=== Section Start ===

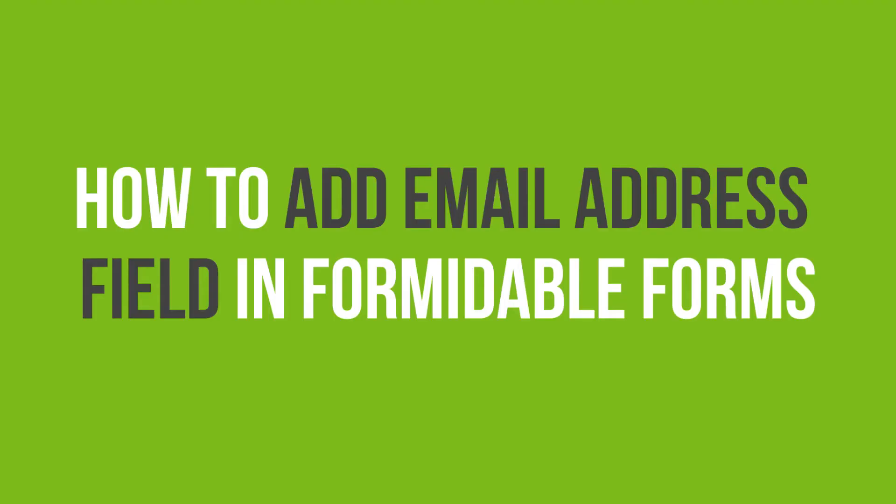In this video tutorial, you'll learn how to add an Email Address field in Formidable Forms in WordPress.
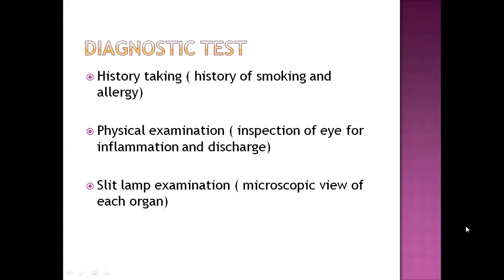Diagnostic tests include history taking first. Since allergic response is one of the most important features, we should obtain history of smoking and history of allergy, as both can aggravate this disease. On physical examination, we can do inspection of the eye for inflammation and discharge, and palpate the eyelids to find out the severity of inflammation. A slit-lamp examination provides a microscopic view of each ocular organ.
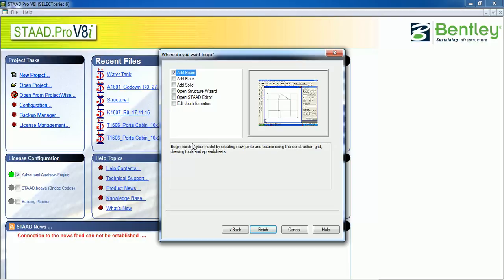A window is opened: What do you want to do? You want to add a beam, a plate, or a solid? Or you want to open a structural wizard? Or you can directly go to the STAAD editor and edit the syntax there to create a model, or you can edit your job information.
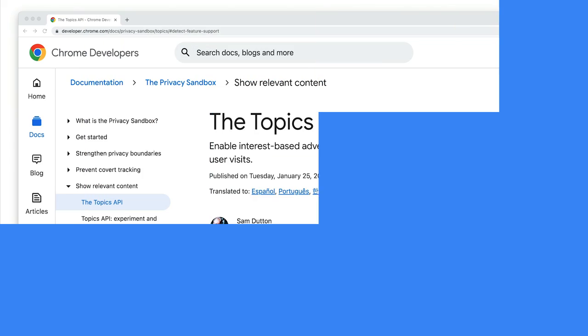If you haven't heard of it before, Topics is a privacy sandbox proposal to allow interest-based advertising without resorting to tracking the sites a user visits. As a user visits websites, the browser on the user's device infers topics of interest.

=== Section End ===

An exact repeat of the listing above, pictures excluded, is the answer.

→ **Task result**
In this video tutorial, you'll learn how to add an Email Address field in Formidable Forms in WordPress.
Diagnostic tests include history taking first. Since allergic response is one of the most important features, we should obtain history of smoking and history of allergy, as both can aggravate this disease. On physical examination, we can do inspection of the eye for inflammation and discharge, and palpate the eyelids to find out the severity of inflammation. A slit-lamp examination provides a microscopic view of each ocular organ.
A window is opened: What do you want to do? You want to add a beam, a plate, or a solid? Or you want to open a structural wizard? Or you can directly go to the STAAD editor and edit the syntax there to create a model, or you can edit your job information.
If you haven't heard of it before, Topics is a privacy sandbox proposal to allow interest-based advertising without resorting to tracking the sites a user visits. As a user visits websites, the browser on the user's device infers topics of interest.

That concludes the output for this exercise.